H. B. 4418

(By Delegates Williams, Stemple, Collins,
Beach, Michael and Proudfoot)

[Passed March 14, 1998; in effect ninety days from passage.]

AN ACT to amend and reenact section fifty-four, article two, chapter twenty of the code of West Virginia, one thousand nine hundred thirty-one, as amended, relating to license for privately-owned commercial shooting preserves; permits an additional month of hunting; requires operators to furnish numbered tags; and removes the exemption of nonresidents purchasing required state hunting licenses.

Be it enacted by the Legislature of West Virginia:
That section fifty-four, article two, chapter twenty of the code of West Virginia, one thousand nine hundred thirty-one, as amended, be amended and reenacted to read as follows:

§20-2-54. License for privately-owned commercial shooting preserves.

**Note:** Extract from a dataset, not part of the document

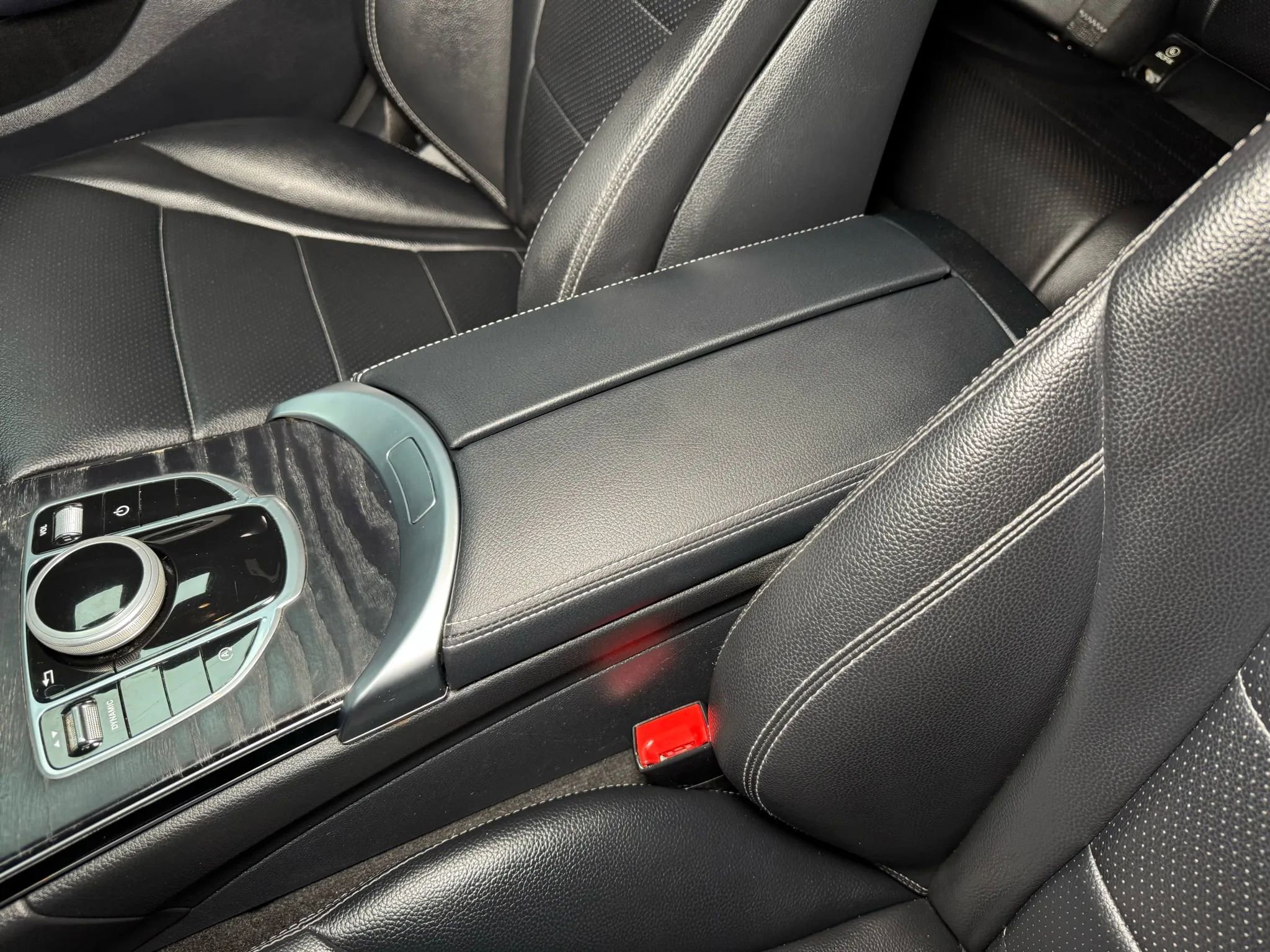 Used 2018 Mercedes-Benz C 300 Sedan image 34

(1) The director may issue a license for privately-owned commercial shooting preserves to any person who meets the following requirements:
(a) Each commercial shooting preserve shall contain a minimum of three hundred acres in one tract of leased or owned land (including water area, if any) and shall be restricted to no more than three thousand contiguous acres (including water area, if any), except that preserves confined to the releasing of ducks only shall be authorized to operate with a minimum of fifty contiguous acres (including water area); and
(b) The exterior boundaries of each commercial shooting preserve shall be clearly defined and posted with signs erected around the extremity at intervals of one hundred fifty yards or less.
(2) The director shall designate the game which may be hunted under this section on which a more liberal season may be allowed.
(3) The operating licenses or permits issued by the director shall entitle holders thereof, and their guests or customers, to recover not more than eighty percent of the total number of each species of game bird released on the premises each year, except mallard, black duck, ringnecked pheasant, chukar partridge and other nonnative game species upon which a one hundred percent recovery may be allowed.
(4) Except for the required compliance with the restriction on the maximum number of released birds that may be recovered from each preserve each year, as provided in subsections (3) and (8) of this section, shooting preserve operators may establish their own shooting limitations and restrictions on the age, sex and number of birds that may be taken by each person.
(5) In order to give a reasonable opportunity for a fair return on a sizeable investment, a liberal season shall be designated by the director during the nine-month period, beginning the first day of August and ending the thirtieth day of April.
(6) All harvested game shall be tagged with a numbered tag prior to being either consumed on the premises or removed therefrom, such tags to remain affixed until the game actually is delivered to the point of consumption.
(7) Each shooting preserve operator shall maintain a registration book listing all names, addresses and hunting license numbers of all shooters; the date on which they hunted; the amount of game and the species taken; and the tag numbers affixed to each carcass. An accurate record likewise must be maintained of the total number, by species, of game birds and ducks raised and/or purchased, and the date and number of all species released. These records shall be open to inspection by a delegated representative of the director at any reasonable time, and shall be the basis upon which the game recovery limits in subsection (3) of this section shall be determined.
(8) Any wild game found on commercial shooting preserves may be harvested in accordance with applicable game and hunting laws pertaining to open seasons, bag and possession limits, and so forth, as are established regularly by the director and the United States fish and wildlife service.
(9) State hunting licenses shall be required of all persons hunting or shooting on shooting preserves.
(10) The fee for such commercial shooting preserve license shall be fifty dollars per fiscal year for the first three hundred acres of the shooting preserve area, plus twenty-five dollars per fiscal year for each additional three hundred acres or part thereof.